In mathematical notation, the Frequentist approach estimates: p(data|H0 – where ‘|’ means “conditional on”) and if this p-value is small, then we reject H0 in favour of some alternative hypothesis (H1 – even though we may have no independent positive evidence that H1 is in fact better!). But, what we really want to know is p(H1|data). That is, the data are given (literally) and immutable, so we want to know how well our model (H1) fits the data. In this case, if the p-value is *large*, then we can conclude that the model fits (can explain) the data. (I hope I’ve got that right – as I say, I am a clinician).
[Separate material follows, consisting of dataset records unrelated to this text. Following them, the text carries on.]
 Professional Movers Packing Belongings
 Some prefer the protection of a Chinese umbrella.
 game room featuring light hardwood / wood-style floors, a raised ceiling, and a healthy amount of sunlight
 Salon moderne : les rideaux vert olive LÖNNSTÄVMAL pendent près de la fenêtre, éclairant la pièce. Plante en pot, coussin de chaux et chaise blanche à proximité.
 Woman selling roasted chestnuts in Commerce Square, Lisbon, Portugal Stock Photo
Of course, Frequentist methods are now ‘traditional’ and well-rooted in the way that we generally work. If I recall correctly, my analysis of HoNOS scores used Frequentist estimation. As I said, Bayesian and Frequentist methods often give very similar results (especially with large samples) and Bayesian estimation can take much longer. But, when you have “interesting” distributions (like the EYFSP and Phonics scores) and are playing for very high stakes (is anything more important than children’s early years?) then the robustness of the Bayesian approach may make it worthwhile.
HTH
Jonathan
PS, another reason to use Bayesian estimation for your present purpose would be to avoid difficulties of inference. I imagine that, with such strangely-distributed data, the residuals from your analyses are non-normal. But, as you know, normal (iid) residuals are a pre-requisite for inference using standard test statistics. In contrast, Bayesian estimation generates the not-necessarily-normal probability distribution of each and every parameter in the model. I understand that, technically, it treats every parameter (every fixed and random effect) as a random effect. Then, it is possible to test if terms are ‘significant’ by checking their probability directly agains their modeled distribution.
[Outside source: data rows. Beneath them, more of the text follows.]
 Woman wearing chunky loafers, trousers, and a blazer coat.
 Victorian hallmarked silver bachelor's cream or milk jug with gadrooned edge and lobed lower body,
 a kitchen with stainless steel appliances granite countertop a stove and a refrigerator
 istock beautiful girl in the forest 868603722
Huge thanks- and a perfect explanation of the transposed conditional! We’re often quite blase in education- I’ve never really invested the time I should have in investigating the merits of Bayesian methods as the datasets we work with are pretty large. Interestingly though (and IIRC), though the distribution of EYFSP scores is unusual, the residuals are (relatively) normal when it is used as a measure of prior attainment- though there’s every chance I haven’t remembered that correctly. Either way, an IRT of the FSP scales could well be instructive- will add it to the to-do list.